It’s tuneup time for Proposition 13
Has anyone started a pool on how long Proposition 13 will remain standing, the way it now stands?
The process that made Proposition 13 possible is 100 years old, but the revolutionary tax makeover is 35. And it could be argued that its effect on the Golden State has been almost as fiscally immense as those 1913 reforms that gave us the initiative, proposition and recall have been for the body politic.
But like those reforms, the unwritten law of unintended consequences means Proposition 13 is showing some unlovely signs of aging.
Over those 35 years, the property tax burden has swung from businesses to the homeowners that Proposition 13 was supposed to be protecting. They have become the Atlas of Proposition 13, bearing the property tax burden on their shoulders. From a 60/40 percent business/homeowners figure in 1978, the number is now about 70/30, the 70% being homeowners.
Why? Because big businesses can game the word “ownership” in ways that are not possible for homeowners.
Just a few months back, The Times reported about a legal shuffle that allowed Texas computer magnate Michael Dell to take over ownership of the Miramar hotel in Santa Monica without actually ‘’buying” it, which would have triggered a new Proposition 13 tax assessment. And that shuffle, our story said, meant a million a year in property taxes that Dell didn’t have to pay.
Businesses change hands less frequently than homes, and big businesses can afford lawyers and accountants to configure these as transfers or mergers, even though the effect is the same as selling it. Imagine selling your house but it’s not technically a sale, it’s a merger -- as if you and the other family could share the same space: you’re there in the day, they’re there at night, like that Arthur Sullivan operetta “Cox and Box.”
Those business advantages are one reason that a coalition of labor and anti-poverty groups is targeting the Westfield real estate operation, one of L.A. County’s largest commercial property owners, to make a point about all the ways big businesses can work property taxes to their advantage.’
In Orange County, Disneyland can party like it’s 1978, because it pays just a few cents a square foot in property tax.
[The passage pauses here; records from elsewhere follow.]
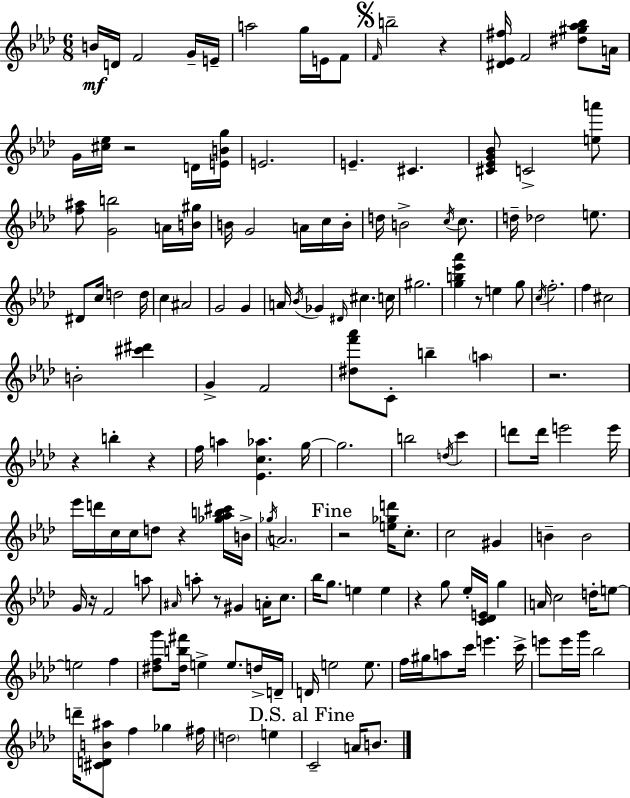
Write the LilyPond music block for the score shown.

{
  \clef treble
  \numericTimeSignature
  \time 6/8
  \key f \minor
  b'16\mf d'16 f'2 g'16-- e'16-- | a''2 g''16 e'16 f'8 | \mark \markup { \musicglyph "scripts.segno" } \grace { f'16 } b''2-- r4 | <dis' ees' fis''>16 f'2 <dis'' gis'' aes'' bes''>8 | \break a'16 g'16 <cis'' ees''>16 r2 d'16 | <e' b' g''>16 e'2. | e'4.-- cis'4. | <cis' ees' g' bes'>8 c'2-> <e'' a'''>8 | \break <f'' ais''>8 <g' b''>2 a'16 | <b' gis''>16 b'16 g'2 a'16 c''16 | b'16-. d''16 b'2-> \acciaccatura { c''16 } c''8. | d''16-- des''2 e''8. | \break dis'8 c''16 d''2 | d''16 c''4 ais'2 | g'2 g'4 | a'16 \acciaccatura { bes'16 } ges'4 \grace { dis'16 } cis''4. | \break c''16 gis''2. | <g'' b'' ees''' aes'''>4 r8 e''4 | g''8 \acciaccatura { c''16 } f''2.-. | f''4 cis''2 | \break b'2-. | <cis''' dis'''>4 g'4-> f'2 | <dis'' f''' aes'''>8 c'8-. b''4-- | \parenthesize a''4 r2. | \break r4 b''4-. | r4 f''16 a''4 <ees' c'' aes''>4. | g''16~~ g''2. | b''2 | \break \acciaccatura { d''16 } c'''4 d'''8 d'''16 e'''2 | e'''16 ees'''16 d'''16 c''16 c''16 d''8 | r4 <ges'' aes'' b'' cis'''>16 b'16-> \acciaccatura { ges''16 } \parenthesize a'2. | \mark "Fine" r2 | \break <e'' ges'' d'''>16 c''8.-. c''2 | gis'4 b'4-- b'2 | g'16 r16 f'2 | a''8 \grace { ais'16 } a''8-. r8 | \break gis'4 a'16-. c''8. bes''16 g''8. | e''4 e''4 r4 | g''8 ees''16-. <c' des' e'>16 g''4 a'16 c''2 | d''16-. e''8~~ e''2 | \break f''4 <dis'' f'' g'''>8 <dis'' b'' fis'''>16 e''4-> | e''8. d''16-> d'16-- d'16 e''2 | e''8. f''16 gis''16 a''8 | c'''16 e'''4. c'''16-> e'''8 e'''16 g'''16 | \break bes''2 d'''16-- <cis' d' b' ais''>8 f''4 | ges''4 fis''16 \parenthesize d''2 | e''4 \mark "D.S. al Fine" c'2-- | a'16 b'8. \bar "|."
} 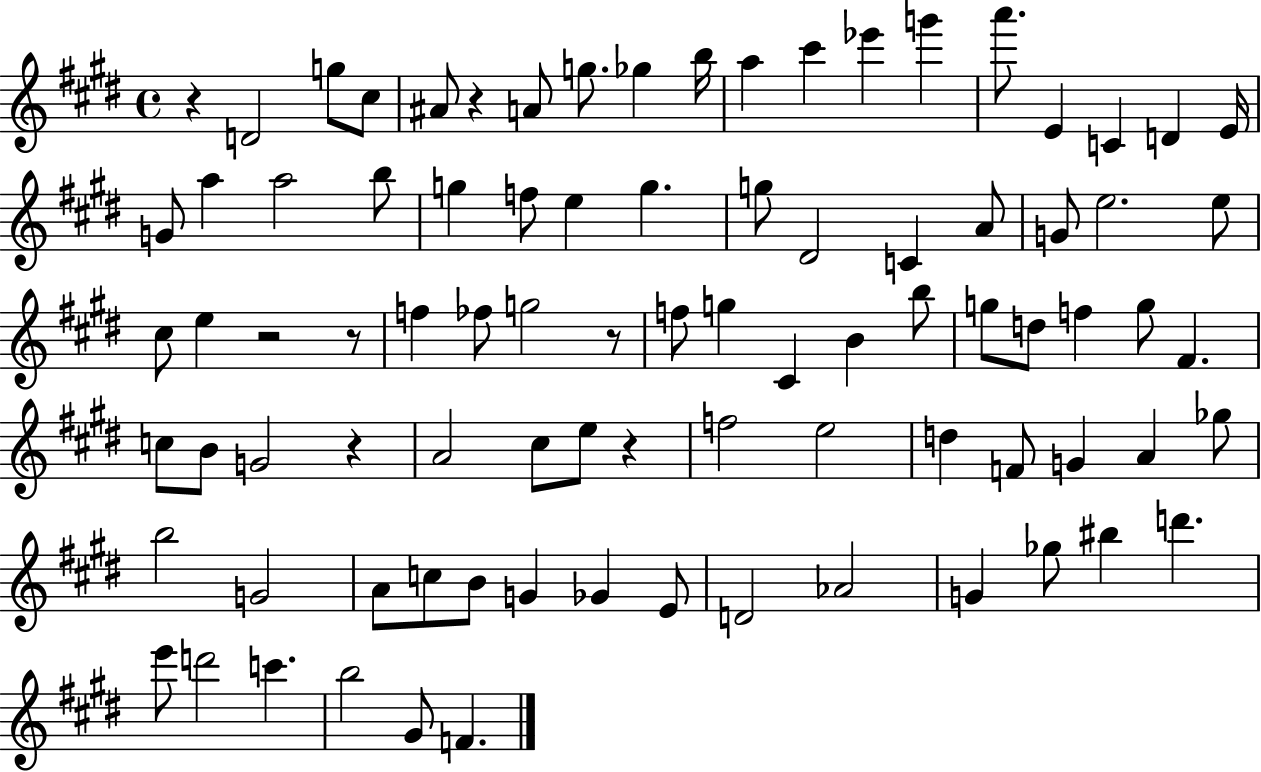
R/q D4/h G5/e C#5/e A#4/e R/q A4/e G5/e. Gb5/q B5/s A5/q C#6/q Eb6/q G6/q A6/e. E4/q C4/q D4/q E4/s G4/e A5/q A5/h B5/e G5/q F5/e E5/q G5/q. G5/e D#4/h C4/q A4/e G4/e E5/h. E5/e C#5/e E5/q R/h R/e F5/q FES5/e G5/h R/e F5/e G5/q C#4/q B4/q B5/e G5/e D5/e F5/q G5/e F#4/q. C5/e B4/e G4/h R/q A4/h C#5/e E5/e R/q F5/h E5/h D5/q F4/e G4/q A4/q Gb5/e B5/h G4/h A4/e C5/e B4/e G4/q Gb4/q E4/e D4/h Ab4/h G4/q Gb5/e BIS5/q D6/q. E6/e D6/h C6/q. B5/h G#4/e F4/q.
While Disney stock ownership churns through hundreds of thousands of stockholders’ hands, Disney itself is a business whose jewel, Disneyland, has not changed corporate hands since it opened nearly 60 years ago, and so can benefit from Proposition 13’s tax rates.
California legislators, even with a two-thirds Democratic majority, have considered but rejected any major overhaul of Proposition 13. But even the U.S. Constitution gets amended from time to time; Proposition 13 should not be exempt from corrections.
Yet it is still that third rail of California politics; any change to the measure would need deep analysis of how it will affect the demographic that was imperiled by unchecked property taxes the first time around -- the elderly. All good public policy is subtle and nuanced, not a broadsword.
One huge strategic issue for anyone trying to remedy Proposition 13 -- their “fix” won’t fit on a bumper sticker. “Save Prop. 13” will practically fit on a bicycle.
(Ten years ago, on Proposition 13’s silver anniversary, I went to Forest Lawn to commune with Jarvis’ ashes – and to ask him about this “split roll” change idea.)
Jarvis died 27 year ago this week, but his visage – waving a hectoring finger like a jowly, peeved version of James Montgomery Flagg’s “Uncle Sam” -- still appears on campaign fliers to this day.
After all this time, it’s time for makeovers all around.